You can see we’re using some components from the electrical module, and then it’s pretty straightforward to describe the various equations that we want to govern the behavior of the nonlinear resistor. There’s a couple nested ifelse statements which employ different equations based on different conditions of the nonlinear resistor. What we return from this function here is an ODESystem which is going to help us create the component. NonlinearResistor was the only component we needed to build ourselves.

Creating Model Components

After defining the model parameters that are not readily available in the model library, we can then create the model components. We can do this using various standard library components and the nonlinear resistor we just built:

 1
 2
 3
 4
 5
 6
 7
 8
 9
10

@named L = Inductor(L=18)
@named R = Resistor(R=12.5e-3)
@named G = Conductor(G=0.565)
@named C1 = Capacitor(C=10, v_start=4)
@named C2 = Capacitor(C=100)
@named Nr = NonlinearResistor(
    Ga = -0.757576,
    Gb = -0.409091,
    Ve=1)
@named Gnd = Ground()

Inductor, Resistor, Conductor and Ground are all from the electrical module of the standard library. Note that we can create the model components with the same labels we saw on the diagram.

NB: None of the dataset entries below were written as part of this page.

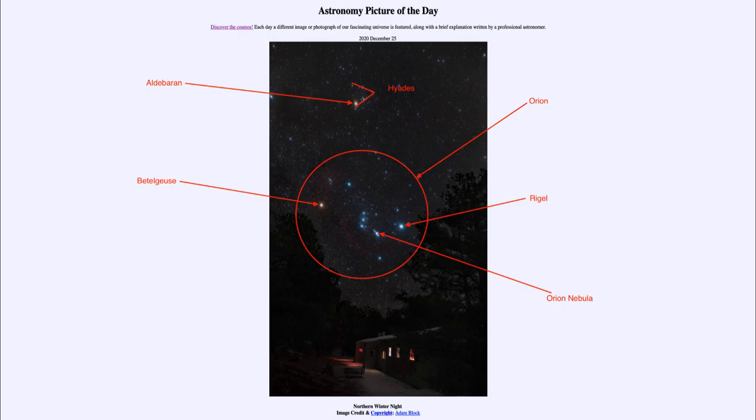If you have a dark enough site, you may be able to pick out the differences in color, although they're much easier to see in a photograph like this than with your eye. But you can often pick out the differences in color — that they're not quite the same between stars like Betelgeuse and Rigel.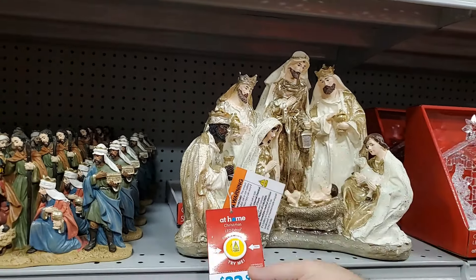They also have this manger for $20 — that's not bad, it is huge, I thought that would be a lot more. That's what it would look like with one of the nativity sets in it for an example — very nice.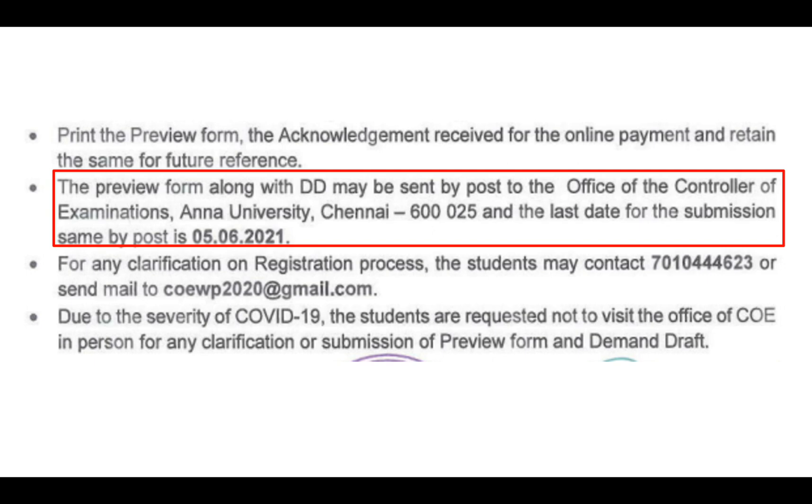If you have a payment, complete the preview form. If you have a DD, it should be attached and sent to the controller of examination at the address by 5-6-2021.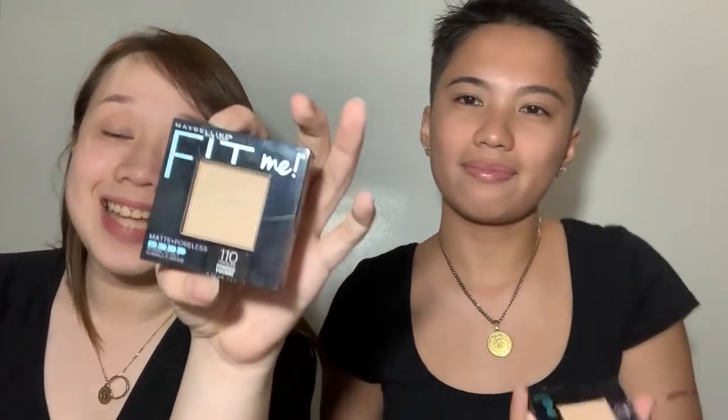After the concealer I usually use this — the Maybelline Matte and Poreless powder. Actually, I just bought this. Normally what I use is the MAC Prep and Prime — but it's almost running out.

Connecting Model Components

Once we have each of these elements, we can start defining the relationships between the components. That’s what you see in the connect statements below:

 1
 2
 3
 4
 5
 6
 7
 8
 9
10
11

connections = [
    connect(L.p, G.p)
    connect(G.n, Nr.p)
    connect(Nr.n, Gnd.g)
    connect(C1.p, G.n)
    connect(L.n, R.p)
    connect(G.p, C2.p)
    connect(C1.n, Gnd.g)
    connect(C2.n, Gnd.g)
    connect(R.n, Gnd.g)
]

Handling the Model

We now have everything we need to create our model:

1
2

@named model = ODESystem(connections, t,
                        systems=[L, R, G, C1, C2, Nr, Gnd])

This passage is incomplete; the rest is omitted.